RI News Portal. Batang Toru, 29 November 2025 – Gelombang banjir bandang dan tanah longsor yang melanda Tapanuli Bagian Selatan (Tabagsel) sejak akhir November 2025 telah meninggalkan duka mendalam. Hingga Sabtu siang, data sementara dari posko-posko darurat mencatat sedikitnya 18 orang meninggal dunia, puluhan luka berat dan ringan, serta belasan warga masih dalam status hilang. Kecamatan Batang Toru, Kabupaten Tapanuli Selatan, menjadi salah satu wilayah yang paling parah terdampak, dengan ratusan rumah rusak berat dan ribuan warga mengungsi.
Di tengah musibah ini, sikap PT Agincourt Resources — pengelola Tambang Emas Martabe yang merupakan produsen emas dan perak terbesar kedua di Indonesia setelah Grasberg — menuai sorotan tajam dari kalangan pegiat lingkungan dan masyarakat sipil setempat.

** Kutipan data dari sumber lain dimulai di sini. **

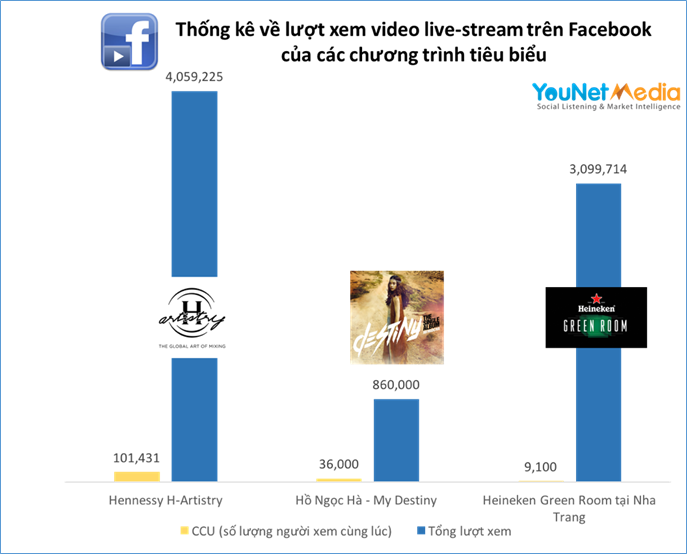 live stream và ứng dụng vào truyền thông thương hiệu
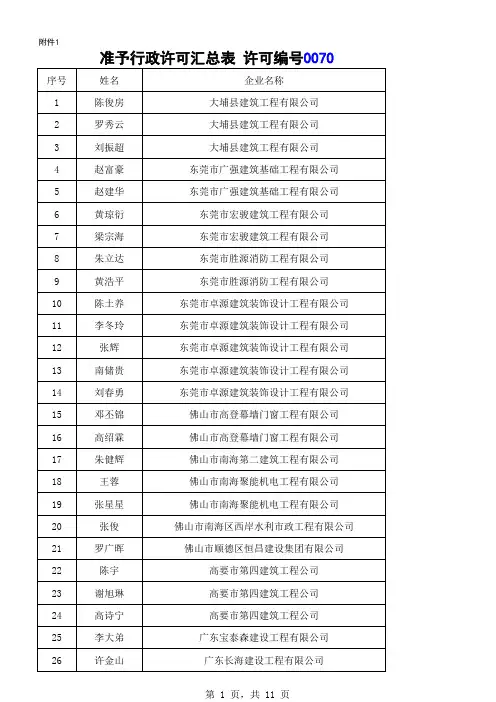 准予行政许可汇总表0070 - 广东建设信息网(行业服务版)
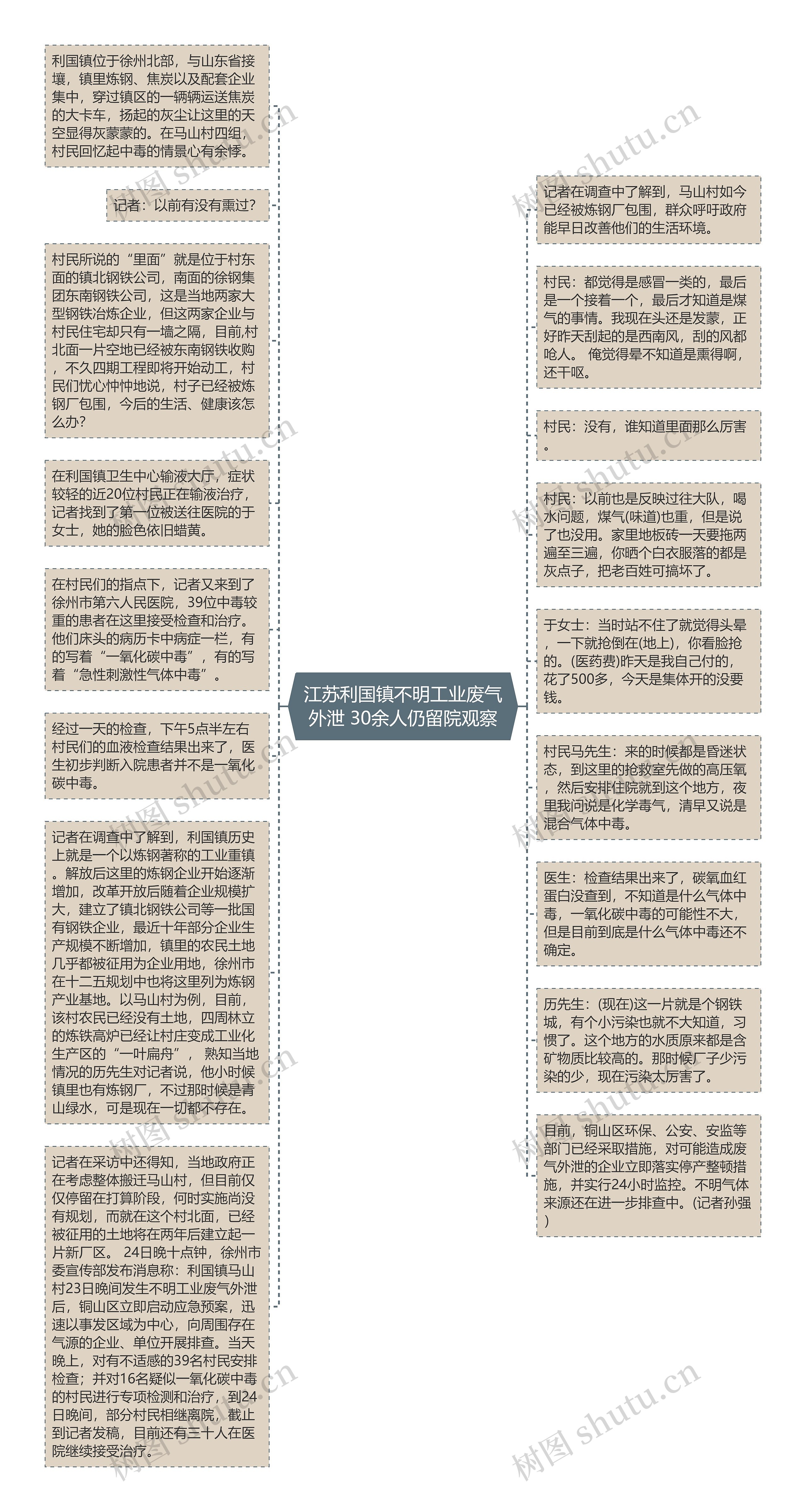 江苏利国镇不明工业废气外泄 30余人仍留院观察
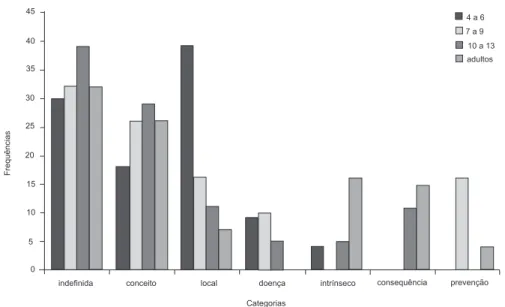 Figura 1. Percentual de respostas de crianças de três faixas etárias e de adultos a respeito da deﬁ nição de chumbo.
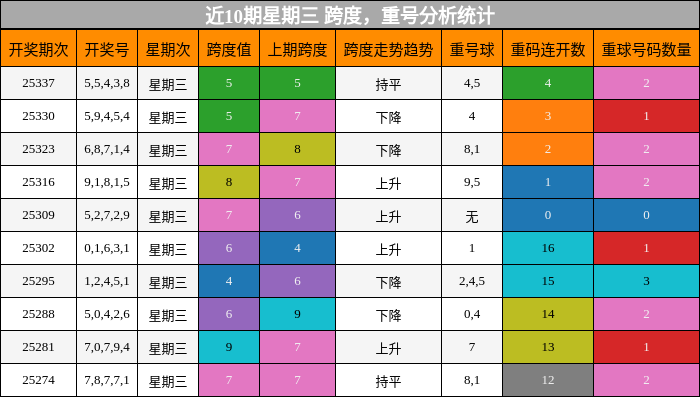 跨度分析，重号分析
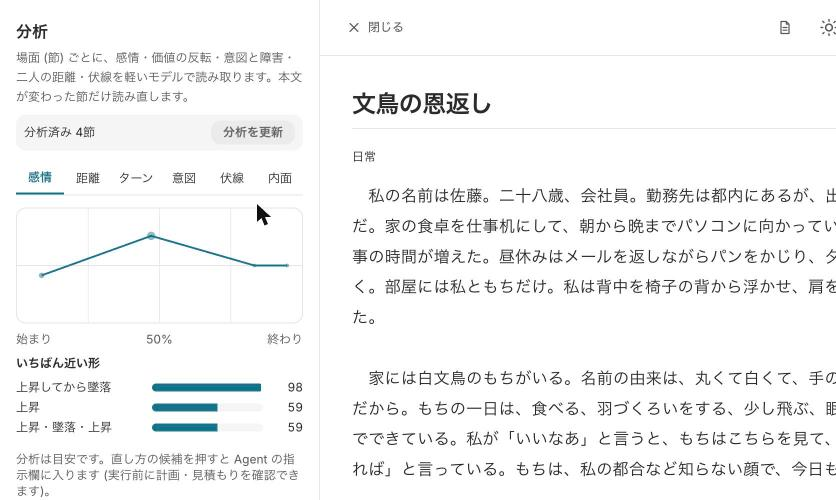 分析タブの感情カーブのグラフと、いちばん近い形の表示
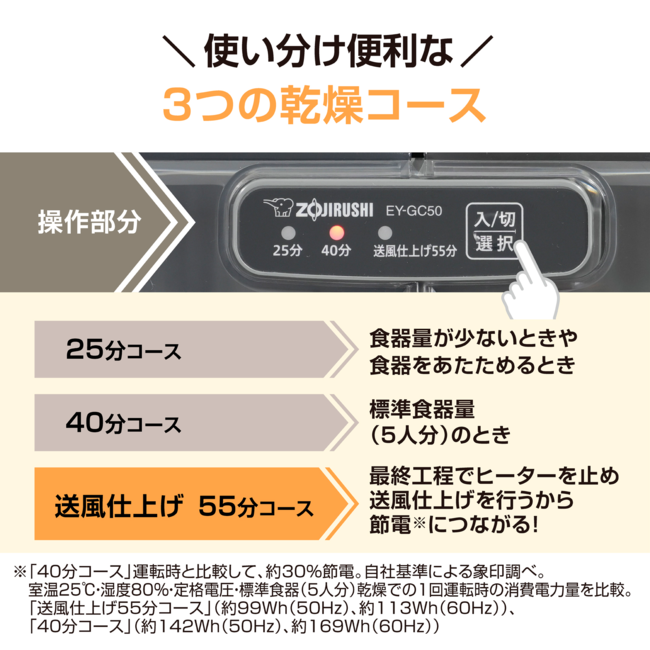 食器乾燥器 EY-GC50 HA（グレー）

Seorang penggiat lingkungan senior di Tapanuli Selatan yang enggan disebutkan namanya karena alasan keamanan menyatakan rasa kecewanya secara terbuka. “Perusahaan sekelas Martabe yang telah beroperasi sejak 24 Juli 2012 dengan Kontrak Karya langsung dari pemerintah pusat, memiliki cadangan terbukti ratusan ton emas, dan mencatatkan keuntungan miliaran dolar setiap tahunnya, kok malah membuka open donasi untuk korban bencana di wilayah operasinya sendiri? Ini bukan soal besar kecilnya bantuan, tapi soal etika dan tanggung jawab moral,” ujarnya saat dihubungi melalui telepon, Jumat malam (28/11/2025).

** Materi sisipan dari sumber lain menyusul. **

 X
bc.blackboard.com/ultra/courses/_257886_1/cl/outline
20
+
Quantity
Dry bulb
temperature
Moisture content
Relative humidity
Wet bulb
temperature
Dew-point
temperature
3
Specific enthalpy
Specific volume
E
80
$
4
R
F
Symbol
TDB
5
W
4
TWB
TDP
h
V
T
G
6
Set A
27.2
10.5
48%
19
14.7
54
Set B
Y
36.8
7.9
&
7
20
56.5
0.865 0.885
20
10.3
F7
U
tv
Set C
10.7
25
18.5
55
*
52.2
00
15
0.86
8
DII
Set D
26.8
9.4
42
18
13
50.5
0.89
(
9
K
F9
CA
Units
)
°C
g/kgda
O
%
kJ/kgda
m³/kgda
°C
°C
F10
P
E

Ia menilai tindakan tersebut mencerminkan minimnya sense of crisis dan tanggung jawab lingkungan perusahaan. “Mereka menambang di hulu Daerah Aliran Sungai (DAS) Batang Toru yang sangat rentan. Deforestasi besar-besaran, pembukaan lahan di kawasan dengan kemiringan ekstrem, dan pengelolaan tailing yang terus menjadi pertanyaan publik — semua itu berkontribusi pada kerentanan ekologis wilayah ini. Ketika bencana datang dan menelan korban dari masyarakat yang selama ini hidup berdampingan dengan operasi mereka, respons pertama justru open donasi. Ini memalukan,” tegasnya.
Menurutnya, perusahaan dengan skala dan profit sebesar Martabe seharusnya memiliki dana tanggap bencana internal yang besar, program corporate social responsibility (CSR) yang proaktif, serta mekanisme kompensasi dan restorasi lingkungan yang jelas, bukan mengandalkan sumbangan publik di saat masyarakat sedang berduka.

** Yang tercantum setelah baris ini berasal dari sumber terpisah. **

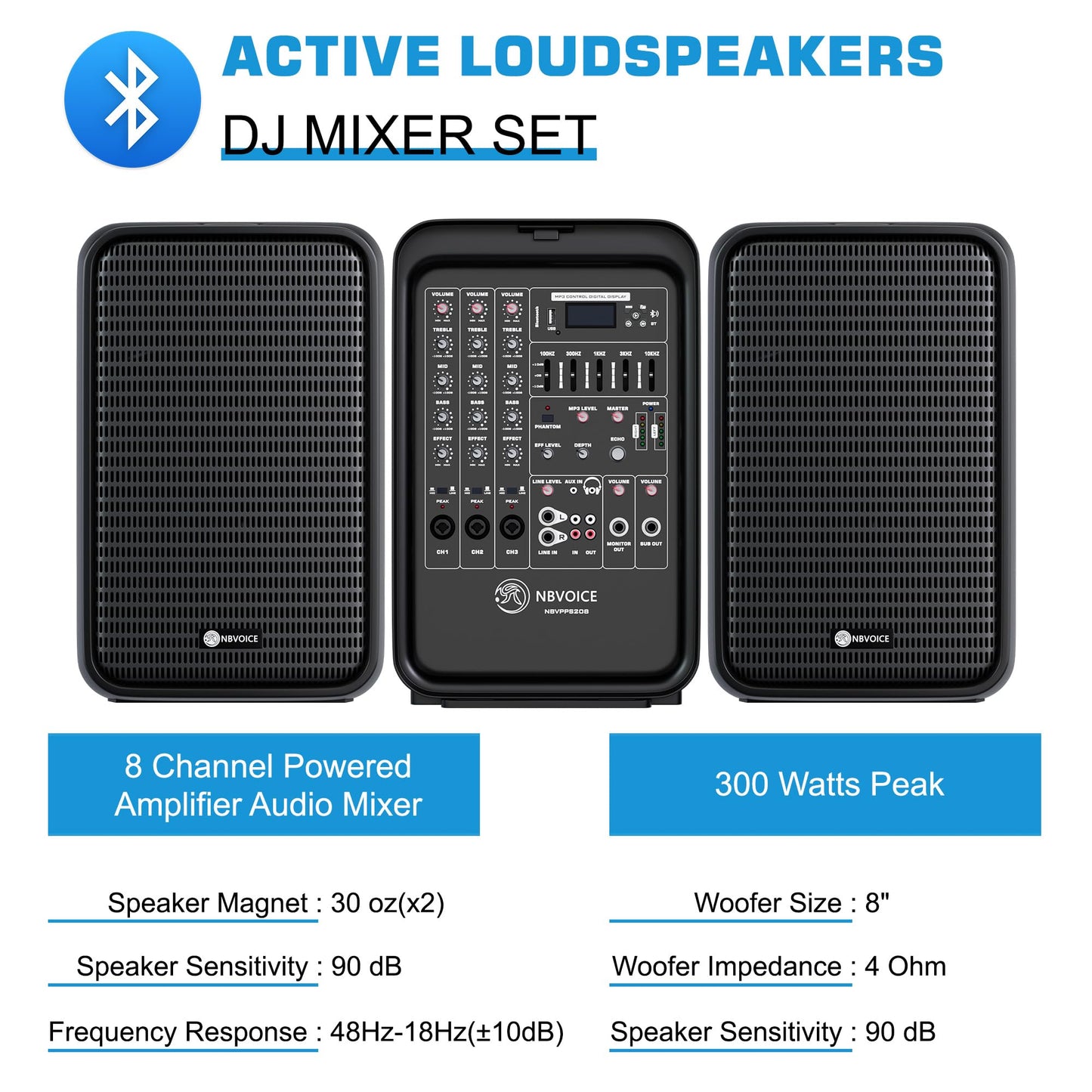 NBVOICE Professional Portable All-in-One 2-Way PA System Suitcase-Style Design with 8-Channel Mixer and 2X Speaker Stands,Bluetooth, Microphone, Remote Control for Performances, Presentations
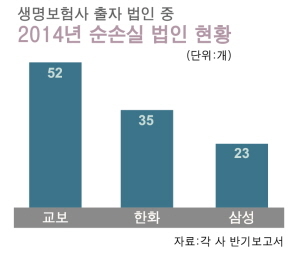 대형 생보사 적자법인 출자 교보생명 최다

Hingga Sabtu malam (29/11/2025), tim liputan belum memperoleh respons resmi dari manajemen PT Agincourt Resources terkait kritik ini. Beberapa pesan yang dikirimkan ke humas perusahaan melalui surel dan aplikasi pesan belum dijawab. Pengumuman open donasi yang beredar di media sosial perusahaan selama minggu ini juga belum dicabut atau diklarifikasi.
Sementara itu, Pemerintah Kabupaten Tapanuli Selatan bersama BPBD Provinsi Sumatera Utara, Basarnas, TNI, Polri, dan relawan terus melakukan evakuasi dan pendistribusian bantuan logistik. Status tanggap darurat bencana masih diperpanjang hingga dua pekan ke depan mengingat prakiraan cuaca ekstrem masih berpotensi terjadi.
Musibah kali ini kembali membuka diskusi lama: sejauh mana operasi pertambangan skala besar di wilayah pegunungan dengan curah hujan tinggi dapat berjalan tanpa mengorbankan keselamatan ekosistem dan masyarakat lokal. Publik kini menanti sikap resmi dan langkah nyata dari PT Agincourt Resources — bukan sekadar donasi, melainkan komitmen jangka panjang untuk mitigasi bencana dan pemulihan lingkungan di Batang Toru.